Just a year after it canceled a Robert Mapplethorpe photo exhibition and touched off a national debate over the future of the National Endowment for the Arts, the Corcoran Gallery of Art is making a clumsy attempt to kiss and make up with the NEA.

It has mounted what it calls "a very special exhibition saluting the National Endowment for the Arts for twenty years of vital support to the Gallery."

A pathetic little bleat of a show, it consists of nine small drawings and watercolors that recently underwent conservation treatment paid for by an NEA grant. They hang in the tiny former lounge for Corcoran members, which has not previously been used as exhibition space.

"We never used it before because we've never had a show this small before," explained a gallery spokesman.

This somewhat belated outbreak of gratitude comes after the first anniversary, June 12, of the Corcoran's controversial cancellation. At that time, rather than manning the barricades on behalf of artistic freedom, the Corcoran's director and board opened the floodgates to a national controversy on art censorship that has come close to putting both the NEA and the Corcoran out of business.
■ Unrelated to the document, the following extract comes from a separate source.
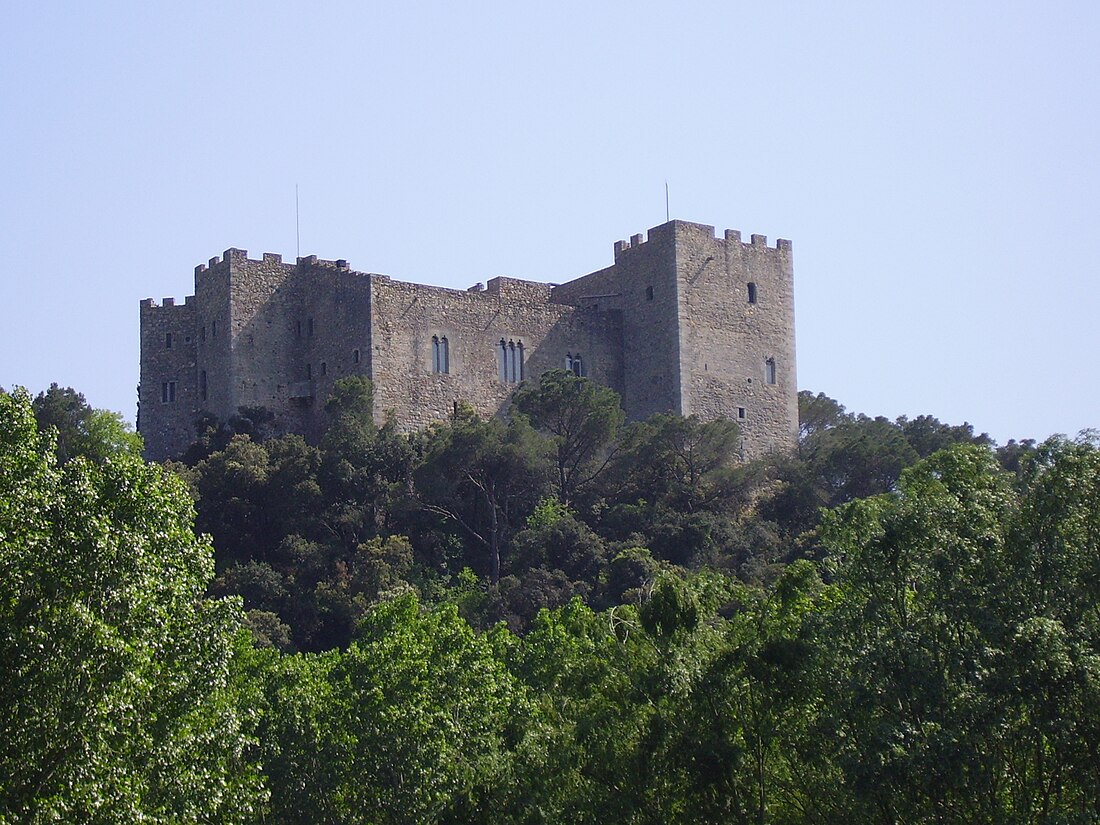 File:La Roca Castell Catalonia.JPG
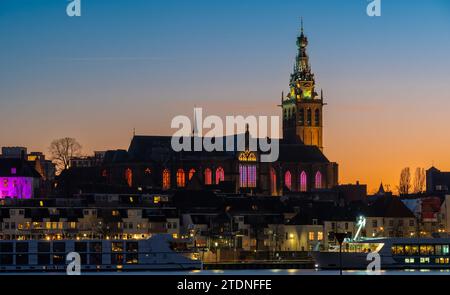 Stephanskirche in der niederländischen Stadt Nijmegen am Abend Stockfoto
Along with the works by 19th- and 20th-century Americans, the roomlet also boasts four chairs and a glass table laden with Corcoran membership brochures and promotional material. Among them, two relevant handouts: one listing a few of the more than $1.6 million in NEA grants given to the Corcoran during the past five years (which have brought more than $7 million in private matching funds); the other a straight-faced item from the Corcoran's own newsletter pointing out that "the NEA is under extreme pressures, pressures that threaten artistic freedom of expression." It exhorts citizens to rise up and write their congressmen in support of NEA reauthorization "without censorship."

Asked what the NEA thought of the Corcoran's mounting such a "salute," a spokeswoman expressed only surprise.

"They did?" she asked incredulously.

"We appreciate the positive effort," she added hastily.

As for the show, if you can call it that, it does include two interesting little pencil drawings by Thomas Moran and one by William Brenton Boggs, a lovely watercolor of a magnolia branch by George Biddle and a semiabstraction titled "Two Heads" by Alfred H. Maurer -- all well worth conserving. Very minor works by Whistler, Gari Melchers, Arthur B. Davies and William Trost Richards are also included.

Linda Simmons, associate curator of collections -- who was thrilled with the rare opportunity to show even such a small number of the 8,000 works on paper the Corcoran owns -- said that without this $25,000 restoration grant from the NEA, none of the 32 works treated could have been shown because in most cases "the paint was so loose, it would have fallen off."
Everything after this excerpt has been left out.